If you like what you hear, then it sounds good.

Not sure what is considered low volume. I do most my listening at or under 70 db and it sounds excellent to me. Of course, the house of stereo is a big factor. Invest in room and room acoustics first, 350k system later.

 

My subwoofer, a Martin Logan 1100x, has a movie mode that boosts bass so I enable that on my ipad and my low level listening is superb.  

@trivema You are welcome. I have tried the RC / PEQ with Wiim Pro Plus several times in different listening space at home for three systems and utimately revert back to GEQ as well. Maybe to do with microphone?

@baylinor Not sure what is considered low volume.

YMMV but, for me when listening music at night, I turn the volume down to 45-50dB range which is really a tester for bass.
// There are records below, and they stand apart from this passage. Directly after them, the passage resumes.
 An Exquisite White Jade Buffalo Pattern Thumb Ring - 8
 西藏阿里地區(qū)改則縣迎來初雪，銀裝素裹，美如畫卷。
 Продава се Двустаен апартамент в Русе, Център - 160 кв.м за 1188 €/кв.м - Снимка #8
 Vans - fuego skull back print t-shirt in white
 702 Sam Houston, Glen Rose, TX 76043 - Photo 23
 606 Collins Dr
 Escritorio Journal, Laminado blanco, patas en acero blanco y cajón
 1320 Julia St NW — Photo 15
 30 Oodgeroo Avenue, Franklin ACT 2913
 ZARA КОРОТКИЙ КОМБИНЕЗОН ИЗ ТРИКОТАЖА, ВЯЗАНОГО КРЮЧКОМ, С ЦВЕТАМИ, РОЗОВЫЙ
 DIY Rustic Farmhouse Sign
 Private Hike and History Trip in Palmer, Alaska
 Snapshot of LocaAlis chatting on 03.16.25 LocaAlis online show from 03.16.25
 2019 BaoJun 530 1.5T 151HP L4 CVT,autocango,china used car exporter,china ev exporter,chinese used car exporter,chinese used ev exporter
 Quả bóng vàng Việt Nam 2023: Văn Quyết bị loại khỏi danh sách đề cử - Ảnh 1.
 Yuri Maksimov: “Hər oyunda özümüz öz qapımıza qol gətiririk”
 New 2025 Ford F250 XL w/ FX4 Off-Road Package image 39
My background (ambience) noise with AC on/off is around 30-35dB.  I need to boost which frequency (60-80hz) up by +8 / +9 dB and normalize them to bring back the articulation and balance of the low-end notes.

I own 3 Schiit EQs and all of them work brilliantly. I use a Loki in my video rig, and another for a headphone EQ running into a Schiit Vali 3 tube amp. The third is a Loki Max remote EQ in my main hifi pile...this thing is brilliant. 4 Presets, amazingly well designed EQ curves in a remote controllable ultra quiet hip design. No noise, built like no other EQ I've ever come across in decades of audio geekdom and professional musician work. Will utterly cure Fletcher Munson issues with zero negative impact on your groovy ARC amps...or any other amp. I don't use DSP anywhere as I'm too much of a snob.